Reports ask whether the rooftop solar programme, launched by the State government a fortnight ago, be a boon to the power-starved State?

Several experts in the field are of the view that the scheme might fail, if not implemented with utmost care. It is pointed out that for a mass project which has no parallels in Kerala in terms of technology integration, a failure at the grassroots level will be counterproductive in the long-term.

The pilot project, envisaged to provide off-grid power of one kilowatt each to 10,000 households, comes with a subsidy of about Rs.92,000 to each beneficiary. The project, intended to produce 10MW power in total, is being implemented through Agency for Non-Conventional Energy and Rural Technology (Anert).

The consumer has to register with Anert to be eligible for the subsidy comprising Rs.81,000 from Ministry of New and Renewable Energy (MNRE) and Rs.39,000 from Anert. The beneficiary will incur a cost of Rs.2 – 2.5 lakh or more, including subsidy element.
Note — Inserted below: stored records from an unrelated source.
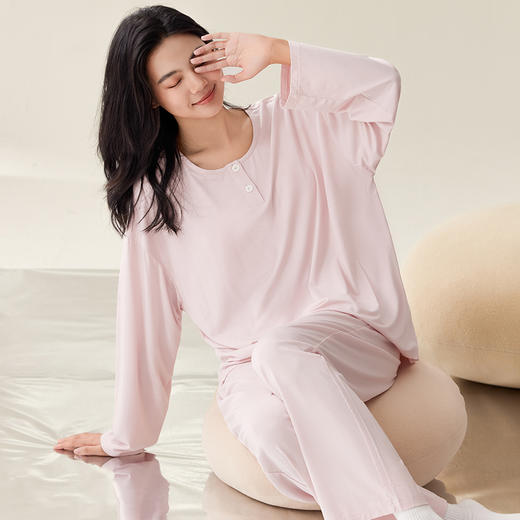 【轻梵 长袖新款莫代尔带胸垫家居服】带胸垫防凸点长袖家居服套装 宽松慵懒亲肤 无感bra 商品图9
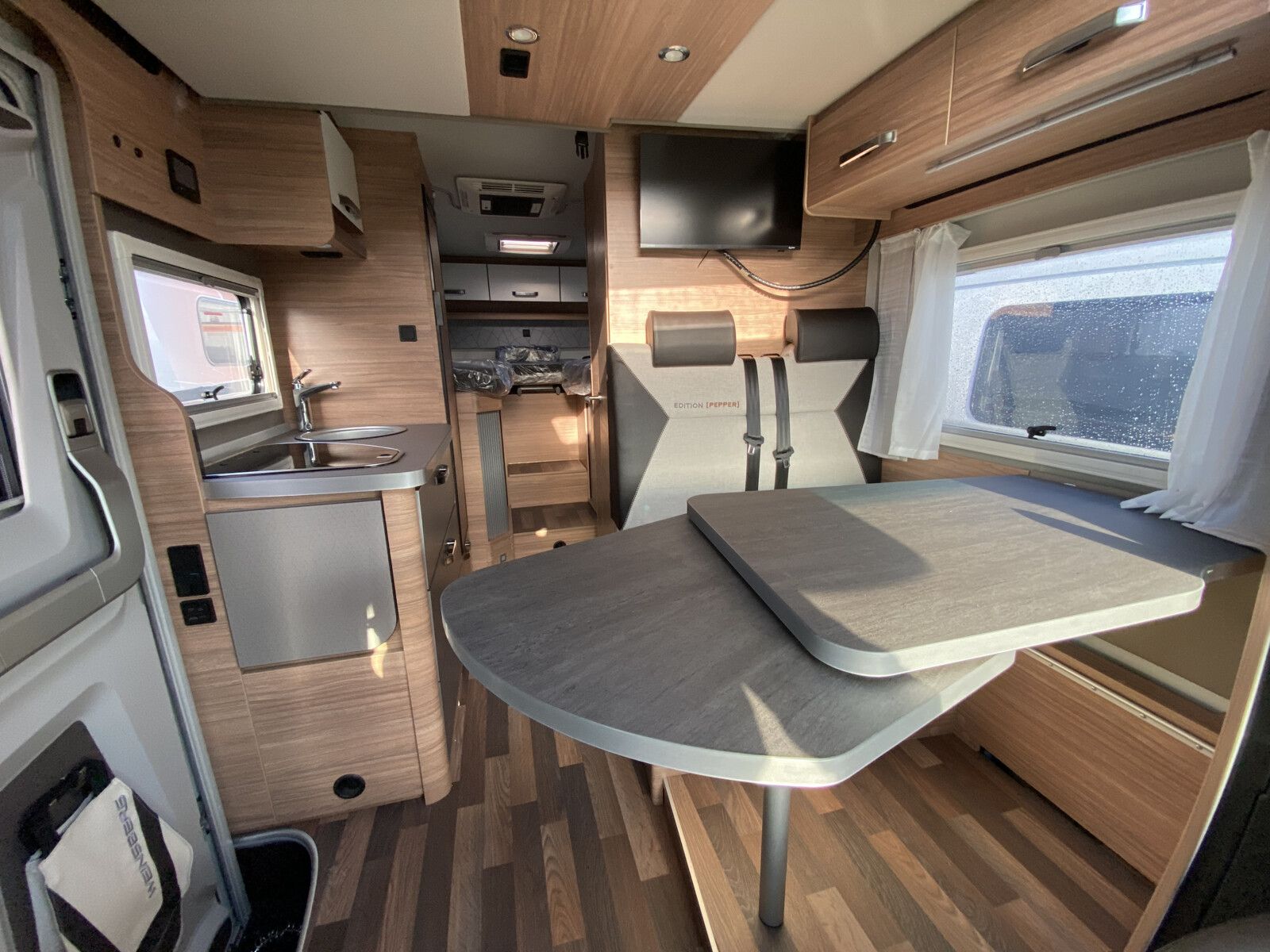 Fahrzeugabbildung Weinsberg CaraCompact Suite MB EDITION PEPPER 640 MEG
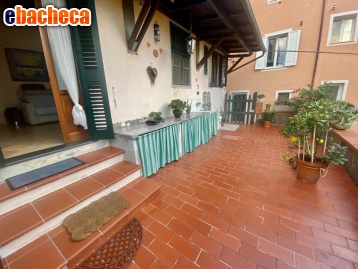 casa indipendente in vendita a Lucca in zona Nozzano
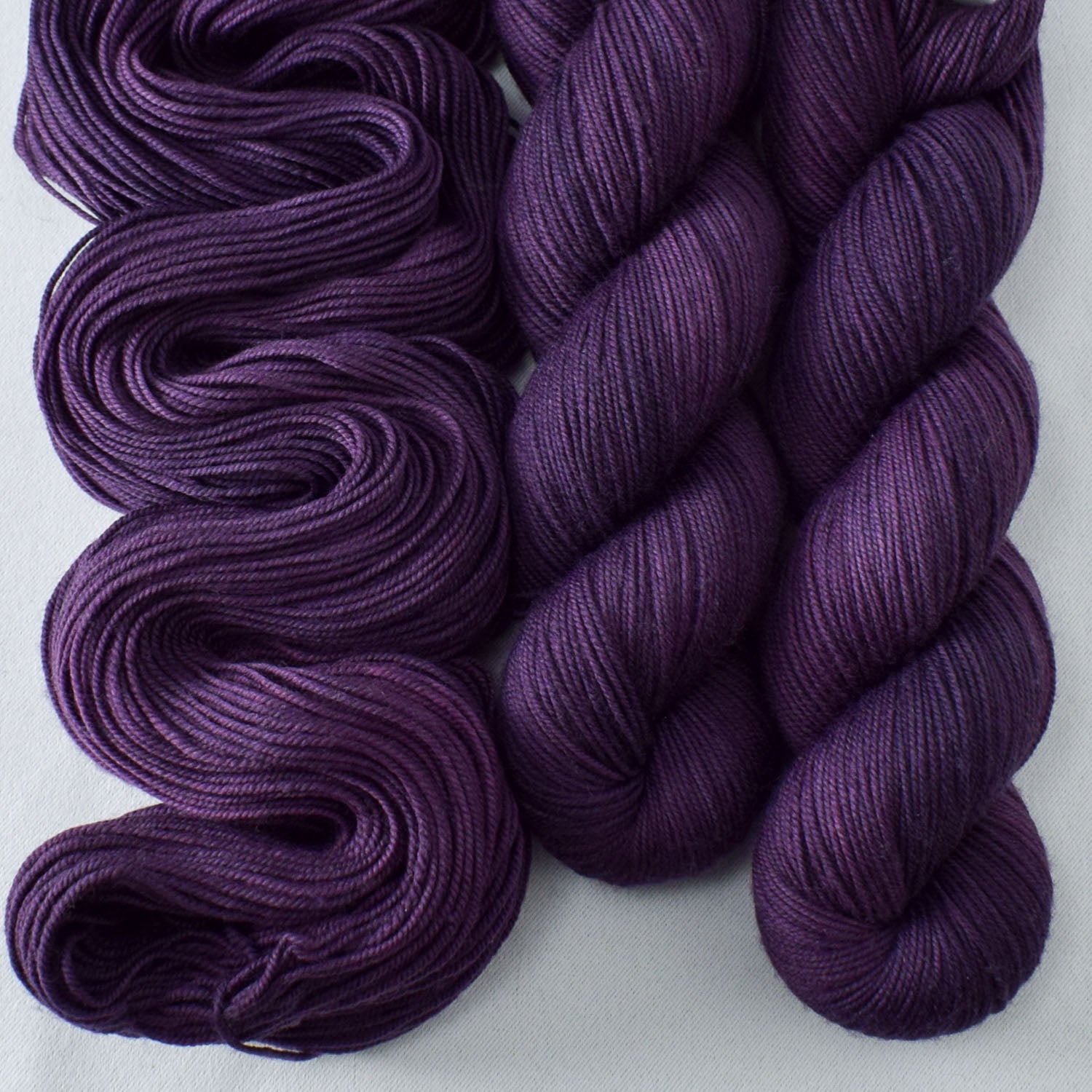 Sagrada - Miss Babs Laurel Falls Shaniko Merino wool yarn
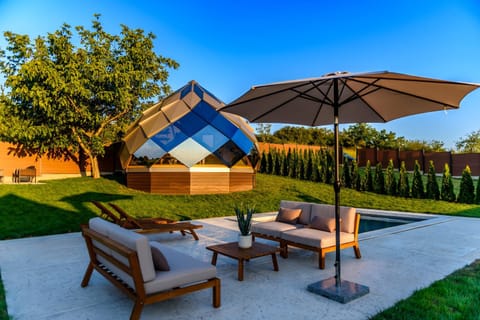 Coco House Villa in Novi Sad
Fourteen agencies have been empanelled by Anert for the consumer to choose from in order to undertake the installation across the State. Out of this, 13 belong to other States, but have associates and dealers in Kerala. The arrangement has potential for trouble, says Georgekutty. K, who owns Lifeway Solar, an enterprise in the solar photovoltaic sector and has set up solar power generation systems in Ernakulam.

The photovoltaic system needs periodic maintenance and the agency is bound by a warranty stretching 5 years, but it will be easier for at least some of the agencies outside the State to get away with inefficient handling. Mr. Georgekutty, who is also the secretary of the 16-member Kerala Renewable Energy Entrepreneurs and Promoters’ Association (Kreepa), cautions that inefficient post-installation service could sound a death knell to the solar photovoltaic initiative.

Shinu Kuriakose, owner of a bakery unit at Thodupuzha where a 10 kw solar photovoltaic system has been installed over a year ago, says that there are immense possibilities for the consumer being cheated. The agency should ensure production of 4 units of power daily on an average, as envisaged in the scheme. He cautions against use of inferior gadgets which would result in lesser efficiency. The consumer has a responsibility to make sure that the installed equipments are worthy and should not get carried away by the promises of the handling agency.

J.K. Thomas, Managing Director of Malankara Plantations Limited, who has installed a 15 kw solar PV system at the headquarters building at Kottayam, about a year ago, says that there is a possibility that the ignorant customer is misguided on the performance of the system.

The inverter used in the system was made in USA, but it had to be replaced three or four times.

The success of the programme rests on the kind of quality material used, says Vijay ranjan, marketing Manager, Team Sustain, another enterprise in the solar PV sector which has installed a few solar power generating units in the State. His apprehension is that there won’t be 100 per cent capacity fulfilment under the conditions prescribed by Anert.

M.Jayaraju, Director of Anert, said about 7,000 people have already registered.Anert’s technical team will oversee the feasibility in each case before installation.